This morning the MSE Share Index dropped another 0.7% to close at a new 17-month low of 3,301.571 points on further selling pressure across the market forcing the share prices of the two large banks to decline further. Following this fourth consecutive session of declines, the Share Index ended the week 1.3% lower as most of the large cap equities closed the week in negative territory. The local equity benchmark is now 12.7% below its value at the beginning of the year.
During this morning’s trading session, Bank of Valletta plc shed a further 1.4% to close at a fresh 6-month low of €2.80 despite still trading with the entitlement to the net interim dividend of €0.0625 per share. BOV ended the week 2.8% lower. HSBC Bank Malta plc also traded lower today with share price easing another 1.3% back to the €2.95 level representing a 1.7% drop over the week.
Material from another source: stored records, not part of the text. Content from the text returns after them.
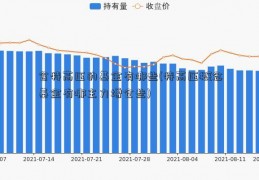 含特高压的基金有哪些(特高压概念基金有哪主力增仓些)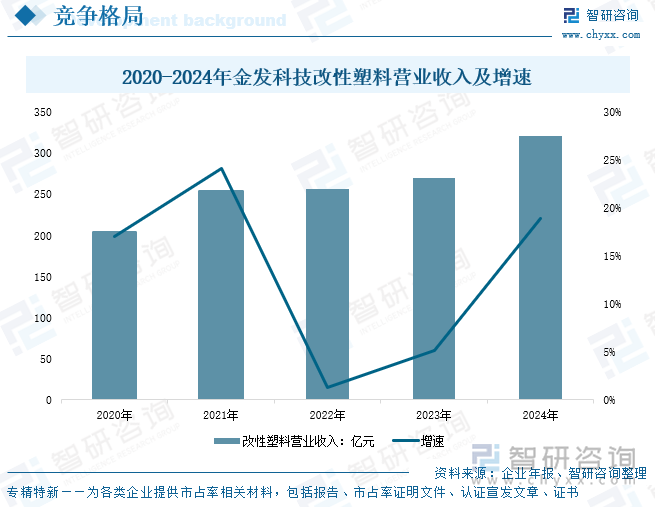 2020-2024年金發(fā)科技改性塑料營(yíng)業(yè)收入及增速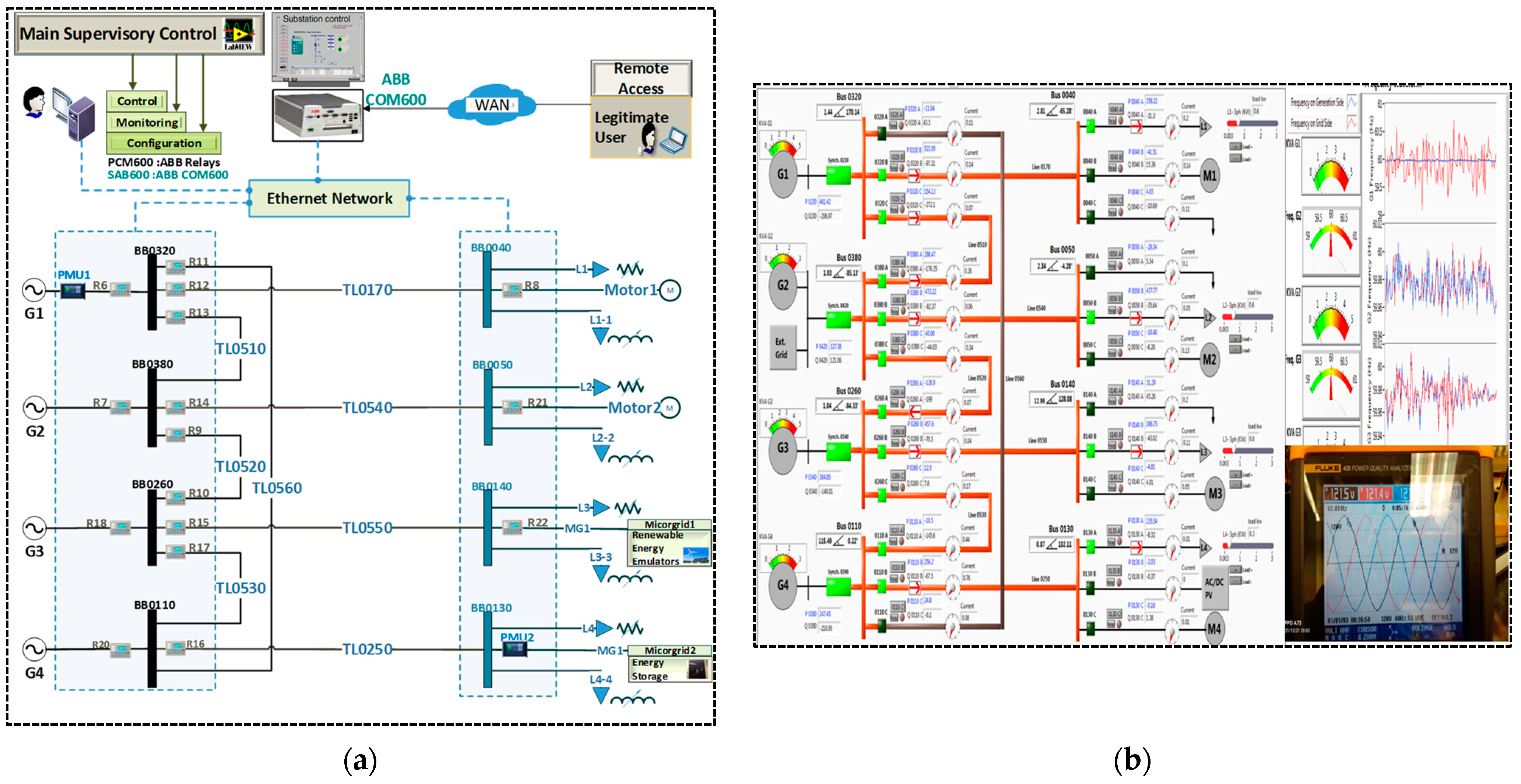 Energies 16 07771 g002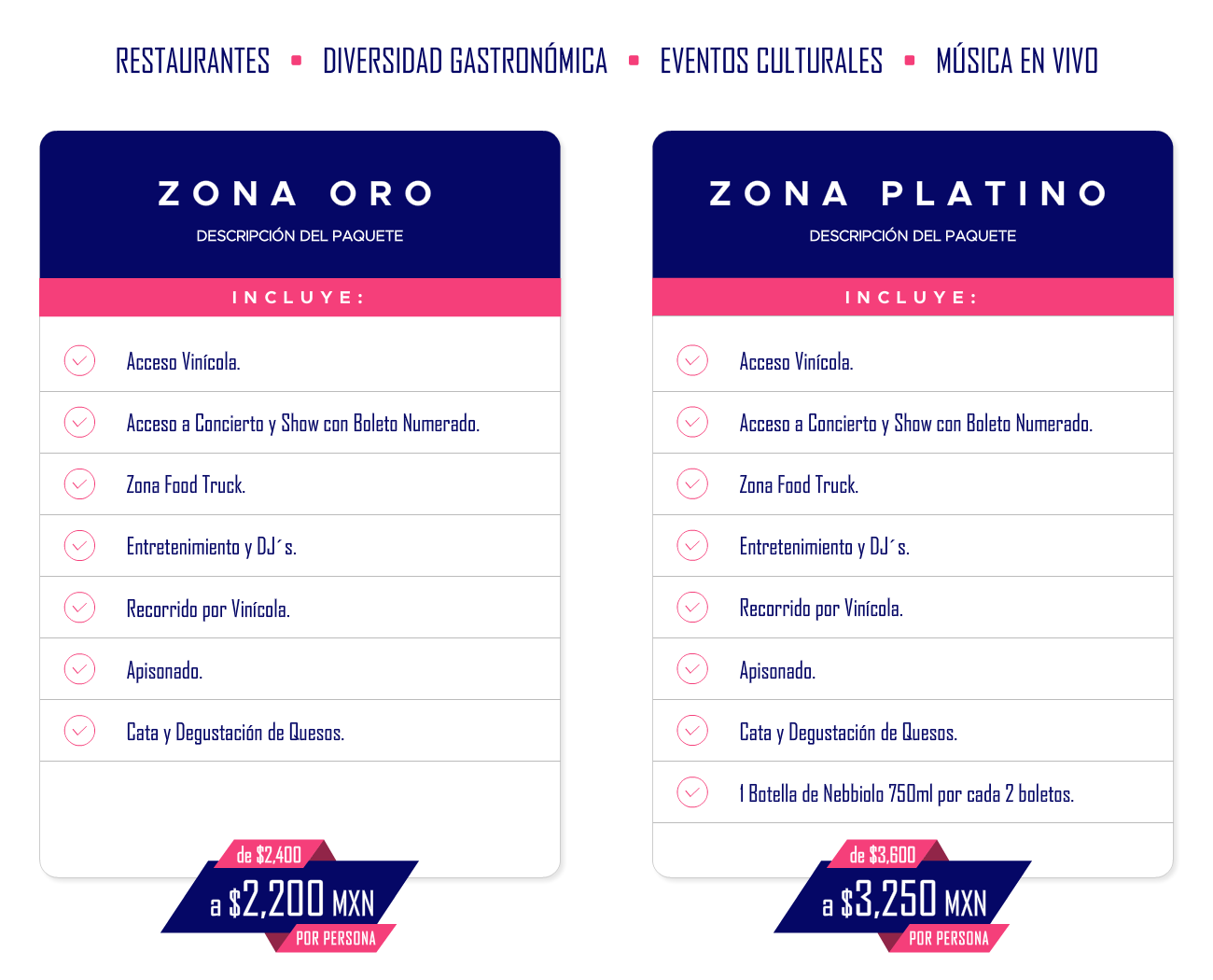 VENTA DE BOLETOS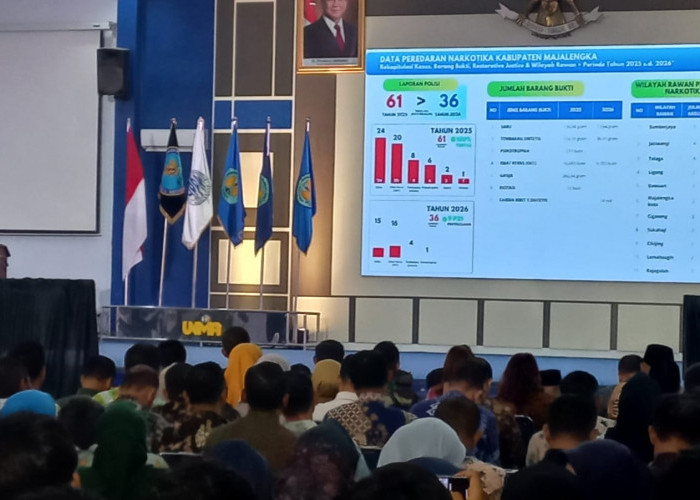 Pemkab Majalengka dan BNN RI Perkuat Sinergi Cegah Peredaran Narkoba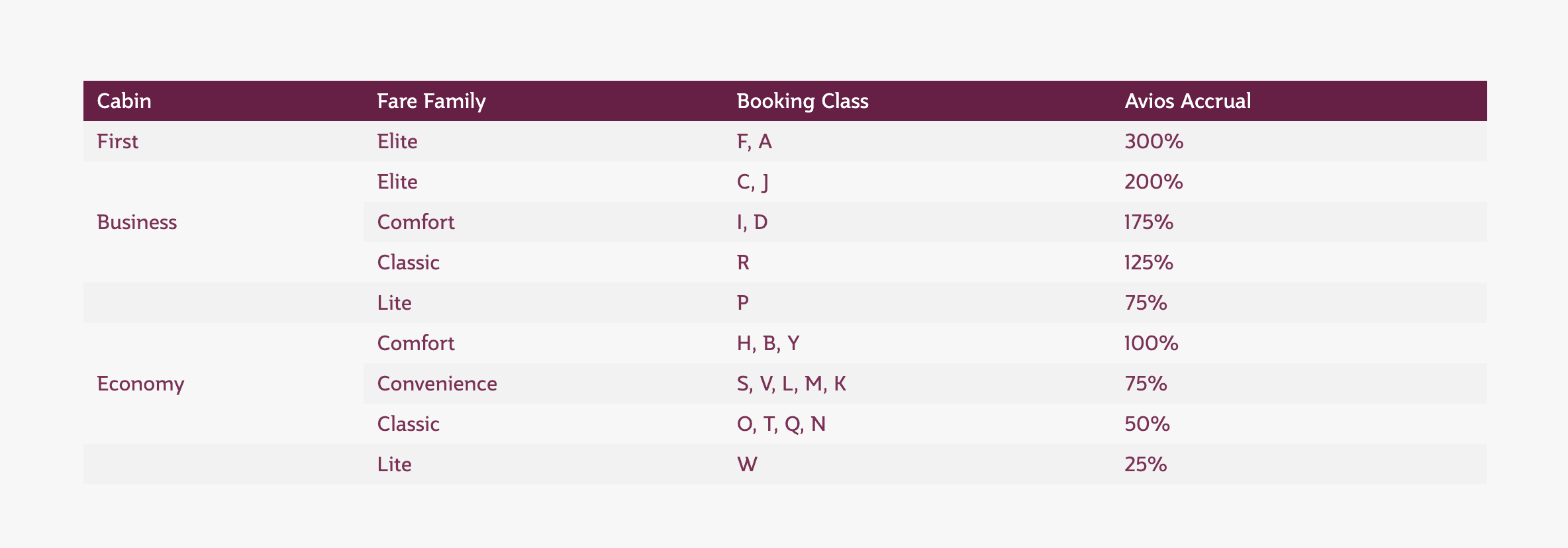 Qatar Airways Privilege Club accrual chart for Qatar-operated flights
FIMBank plc also slid 2.9% to a fresh 71-month low of US$0.84 across three trades totalling 16,000 shares. Yesterday evening, the trade finance specialist held its Annual General Meeting during which shareholders approved all the items on the agenda including the delisting of FIMBank plc shares on condition that the ‘share-for-share exchange’ with FIM Holdings plc is accepted by at least 80% of shareholders. In this respect, shareholders have until 22 June to submit their acceptance form. Further information on the ‘share-for-share-exchange’ is available at https://rizzofarrugia.com/news-events/exchange-offer-details/.
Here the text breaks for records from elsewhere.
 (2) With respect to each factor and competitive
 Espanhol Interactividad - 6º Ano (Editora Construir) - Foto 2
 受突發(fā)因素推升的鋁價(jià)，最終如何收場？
GO plc maintained the €1.29 level today with volumes declining to 2,000 shares. Nonetheless, the equity closed the week in negative territory for the fifteenth consecutive week with a loss of a further 4.4% to rank as the worst performer during the last five sessions. The equity of GO fell out of favour with investors particularly after announcing a 50% cut in dividend to €0.05 per share with its share price falling by 33.3% since the beginning of this year. This morning GO issued its Interim Statement informing the market that during the first quarter of 2011, the Group maintained positive trends in its turnover levels which continued to grow when compared to the first three months of 2010. The Group announced that the operating profit for the first quarter of 2011 is marginally ahead of that registered during the same period in 2010 whilst maintaining a healthy cash position.
The star performer of the week is undoubtedly Middlesea Insurance plc which climbed 15.3% to €0.98 ahead of the launch of the mandatory bid by Mapfre Internacional. Last Friday Middlesea announced that Mapfre agreed to acquire Munich Re’s shareholding of 19.9%. If the regulator approves this acquisition, Mapfre’s shareholding will surpass the 50% level and thus trigger a mandatory bid for the remaining shares in Middlesea. Details of the mandatory bid have still to be announced.
On the bond market, the focus turns to the new Malta Government Stock offerings taking place next week. Yesterday evening the Treasury fixed the prices of the two new fungible issues which were both set at 100.75%. The Rizzo Farrugia MGS Index edged higher today as eurozone yields dropped following comments made by the ECB President yesterday indicating that a rate hike is unlikely to take place in June.